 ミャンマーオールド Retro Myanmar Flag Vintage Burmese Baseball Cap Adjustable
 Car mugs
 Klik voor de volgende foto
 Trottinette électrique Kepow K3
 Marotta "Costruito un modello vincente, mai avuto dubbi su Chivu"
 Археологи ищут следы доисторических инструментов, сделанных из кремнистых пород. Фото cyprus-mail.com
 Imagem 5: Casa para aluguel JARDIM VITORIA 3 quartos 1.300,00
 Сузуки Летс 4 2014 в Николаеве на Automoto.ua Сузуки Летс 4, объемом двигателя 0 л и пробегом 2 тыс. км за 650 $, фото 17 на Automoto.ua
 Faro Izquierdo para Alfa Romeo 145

...

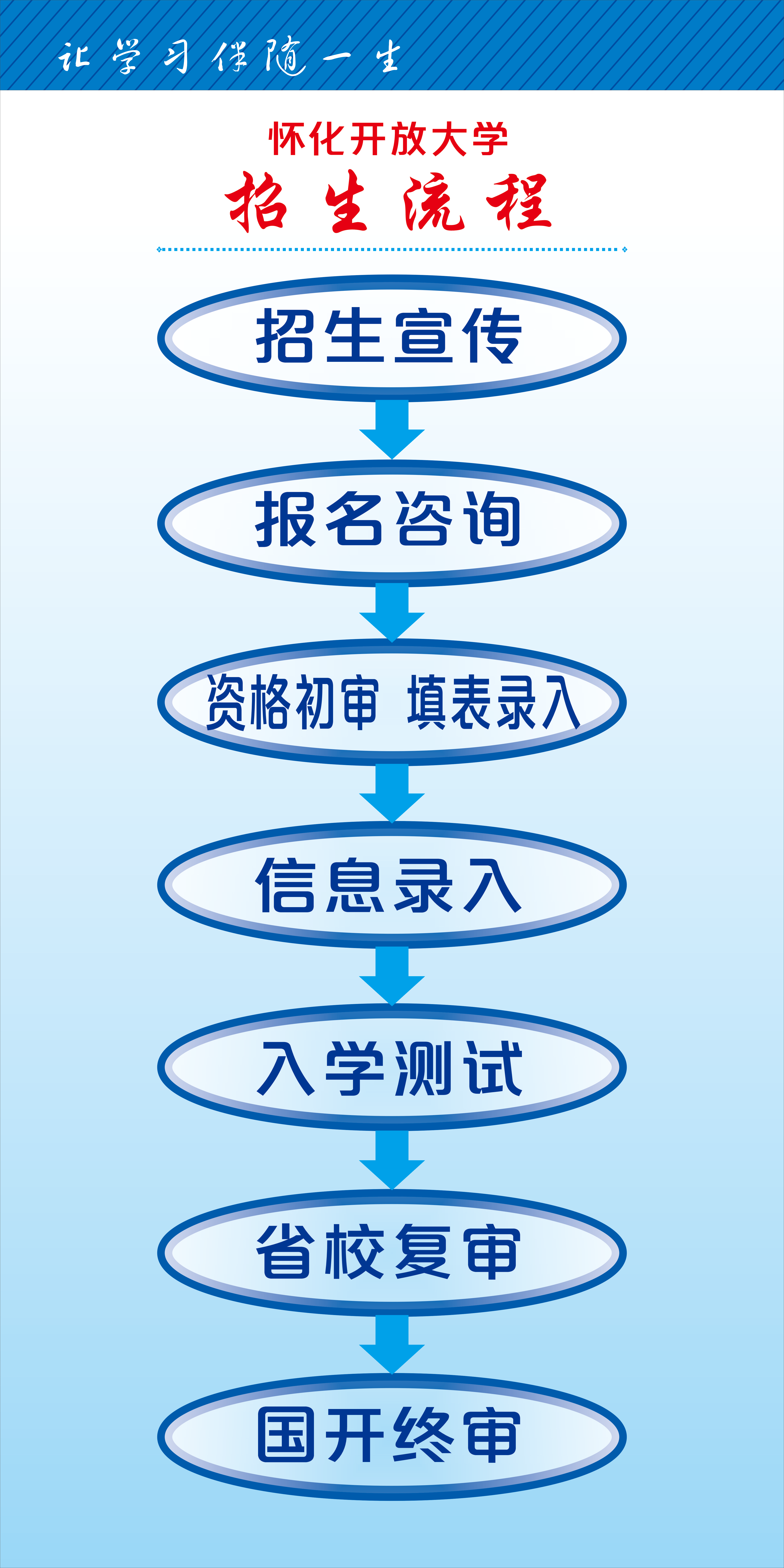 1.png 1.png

---

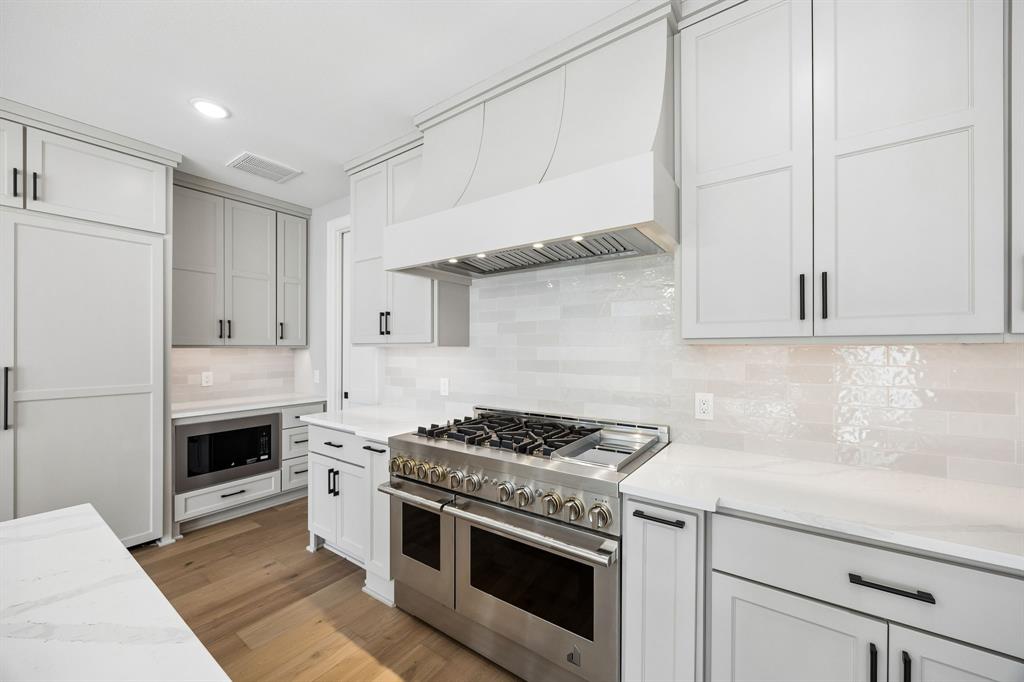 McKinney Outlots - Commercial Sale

Task description: Your task for the entries above: copy exactly the span starting with the line with "Imagem 5: Casa" and going on through the line with "Faro Izquierdo para Alfa Romeo 145", both lines included, and nothing else.

Completed task:
 Imagem 5: Casa para aluguel JARDIM VITORIA 3 quartos 1.300,00
 Сузуки Летс 4 2014 в Николаеве на Automoto.ua Сузуки Летс 4, объемом двигателя 0 л и пробегом 2 тыс. км за 650 $, фото 17 на Automoto.ua
 Faro Izquierdo para Alfa Romeo 145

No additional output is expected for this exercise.